The primary advantages are deviated well capability and underbalanced perforating. In wells deviated beyond 55–60 degrees, wireline cannot reach total depth by gravity conveyance; TCP runs on the tubing string and delivers guns to any depth regardless of deviation. Underbalanced perforating — achievable with TCP when wellbore fluid is replaced with lighter fluid before firing — produces significantly cleaner perforation tunnels than overbalanced wireline perforating. Studies in Gulf of Mexico and North Sea offshore wells have shown 20–50% productivity improvement from underbalanced vs. overbalanced perforating in the same formation, justifying the additional complexity of TCP completion design.

How are TCP guns retrieved after firing?

Spent TCP gun bodies remain in the wellbore after firing and are typically left downhole (dropped into the rathole below the perforated interval) using a drop-off or snap-off firing head sub. The gun body drops free, allowing the production string to land on the packer and begin producing. Alternatively, the gun bodies can be retrieved by pulling the tubing string — but this requires the well to be killed before retrieval, eliminating the underbalanced completion benefit. Most modern TCP jobs use drop-off firing heads to avoid killing the well post-perforation.

When is TCP not the right choice?

TCP is not ideal for short perforated intervals (under 15 metres) in vertical wells with reliable wireline access — wireline is faster and less expensive. TCP also requires more complex pre-job planning (firing head selection, underbalance fluid design, packer setting procedure) and is more sensitive to wellbore fluid density errors that could cause premature or failed firing. In wells where the perforation interval must be changed after testing (selective zone isolation), wireline plug-and-perf or through-tubing perforating offers more flexibility than a committed TCP completion.

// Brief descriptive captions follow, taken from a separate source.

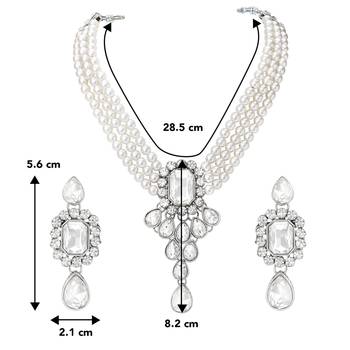 Women's crystal pearl necklace earring bharatanatyam jewelry set white 4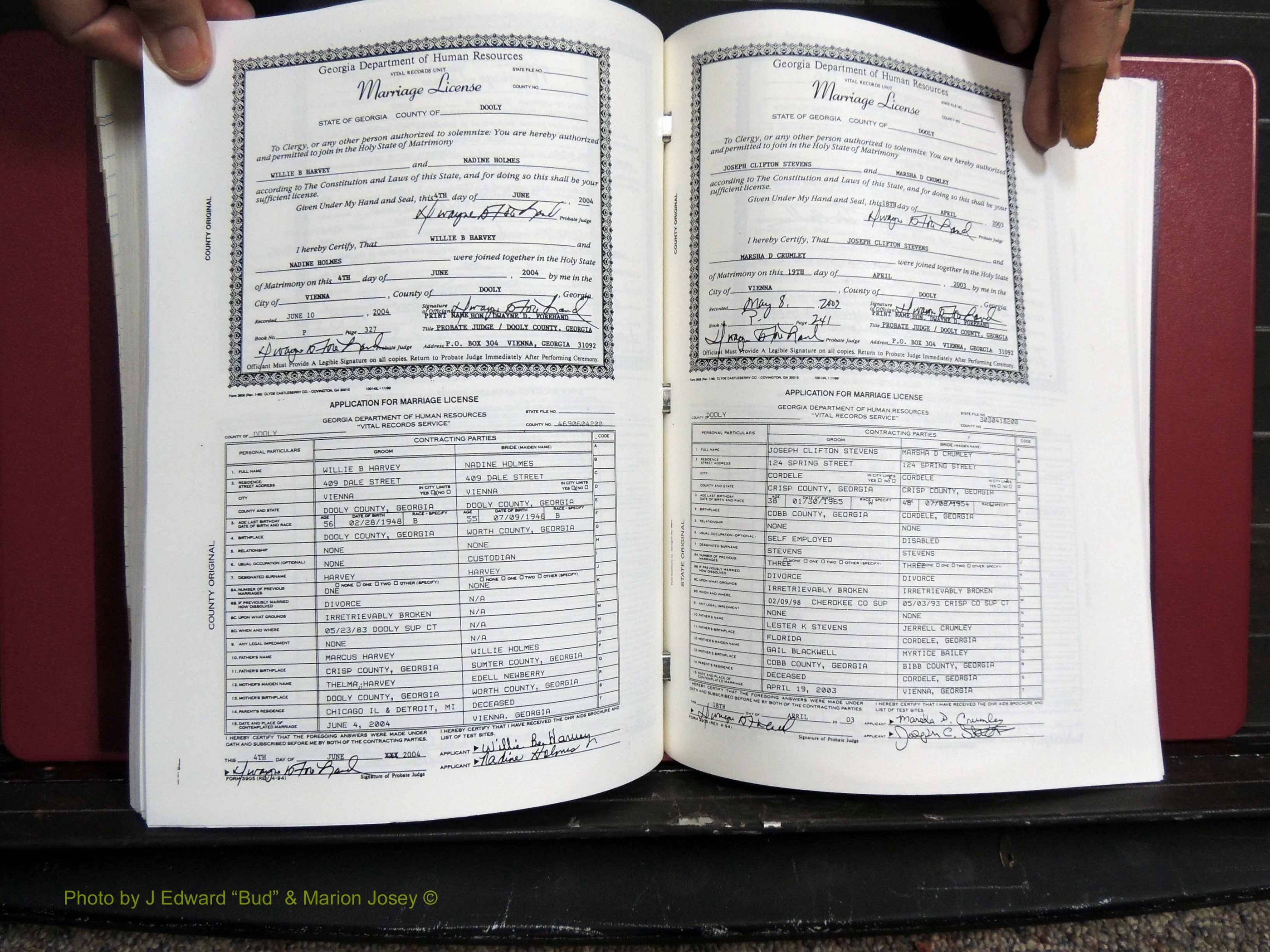 Dooly Co, GA, Marriages, Book, P, 1999-2005 pg 327-236.JPG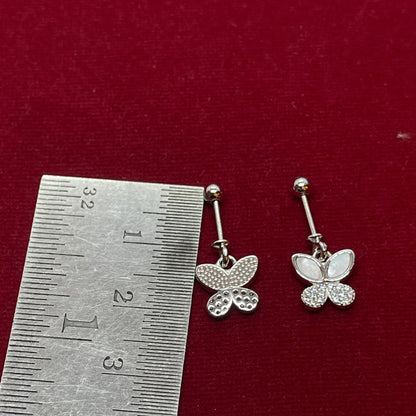 92.5 Sterling Silver Butterfly Bugadi for Women | Mother-of-Pearl Upper Wings & Pavé CZ Lower Wings | Helix Earring pair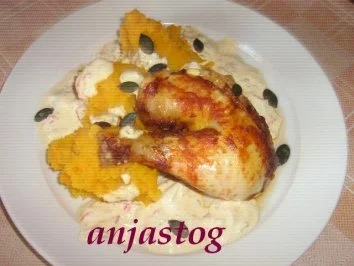 Rezept: Kürbispüree mit " crispy" Hähnchen Bild Nr. 10 Kürbispüree mit " crispy" Hähnchen - Rezept - Bild Nr. 10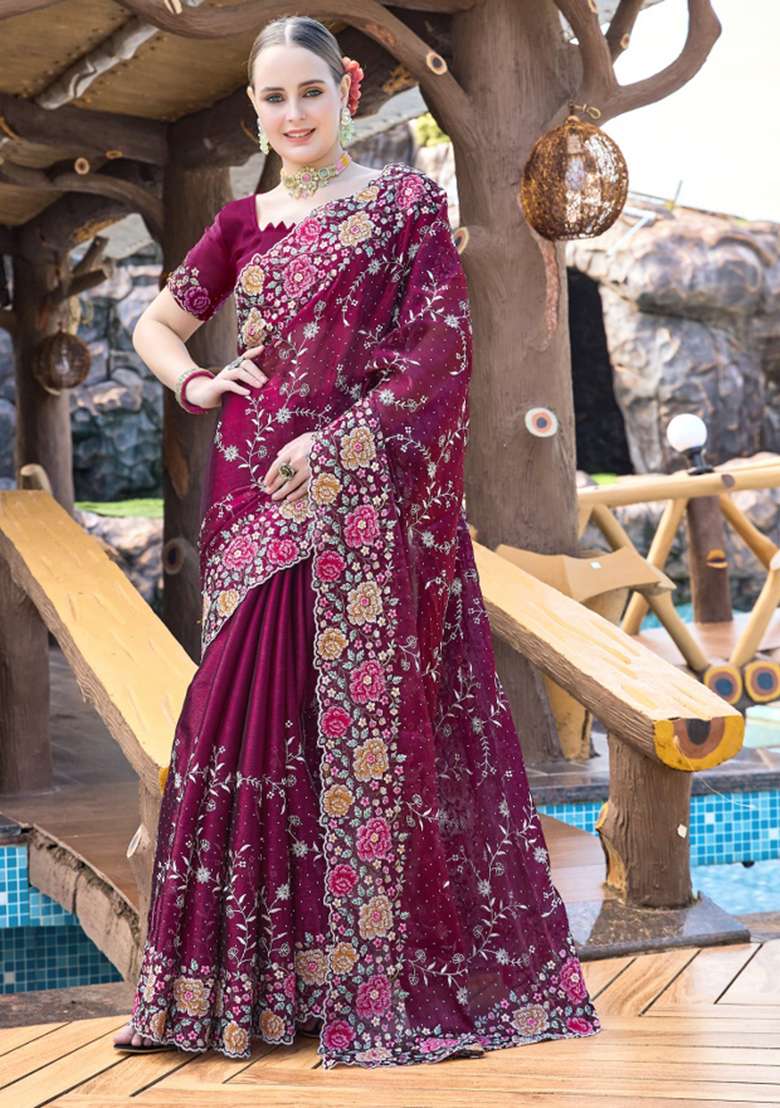 Wine Embrodery Wor Silk Blend Saree Set for Diwali | Wedding & Festive Wear - Indya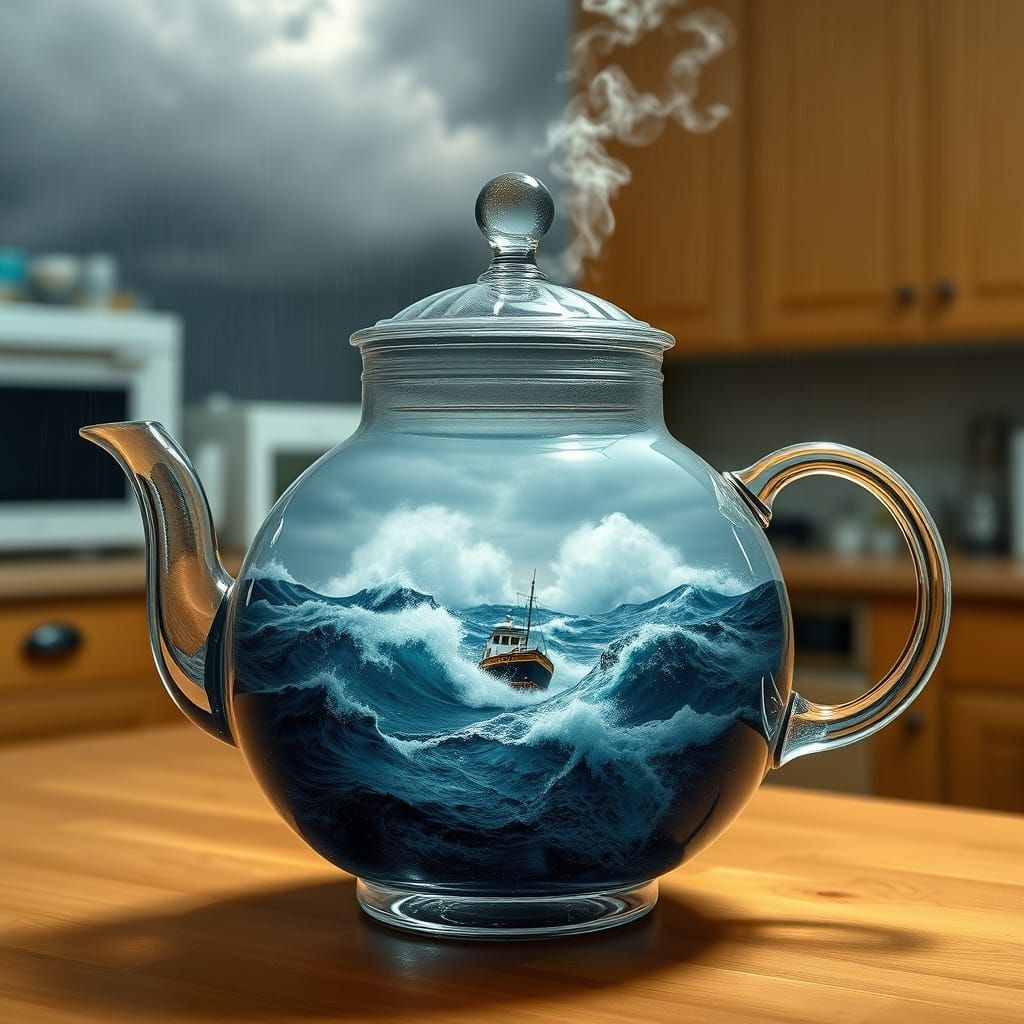A large glass teapot sits on a table in the kitchen. Inside the teapot is a raging storm in the ocean. ...  by @Chippy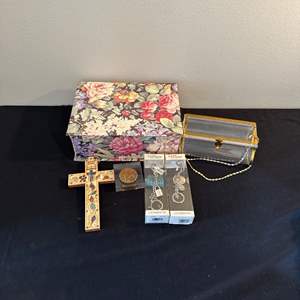 Lot #317 Colorful Floral Jewelry Box & More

Why TCP Matters in Oil and Gas

Tubing-conveyed perforating enables completion of wells that wireline cannot reach and provides the underbalanced perforating conditions that produce the cleanest, most productive perforation tunnels achievable with conventional perforating technology. In the offshore environment — where every completion decision is made against a background of USD 500,000+ per day rig costs — TCP's ability to complete a well in a single trip with maximum perforation efficiency directly translates to both improved production rates and reduced rig time. It is a standard completion tool in every major deepwater development worldwide.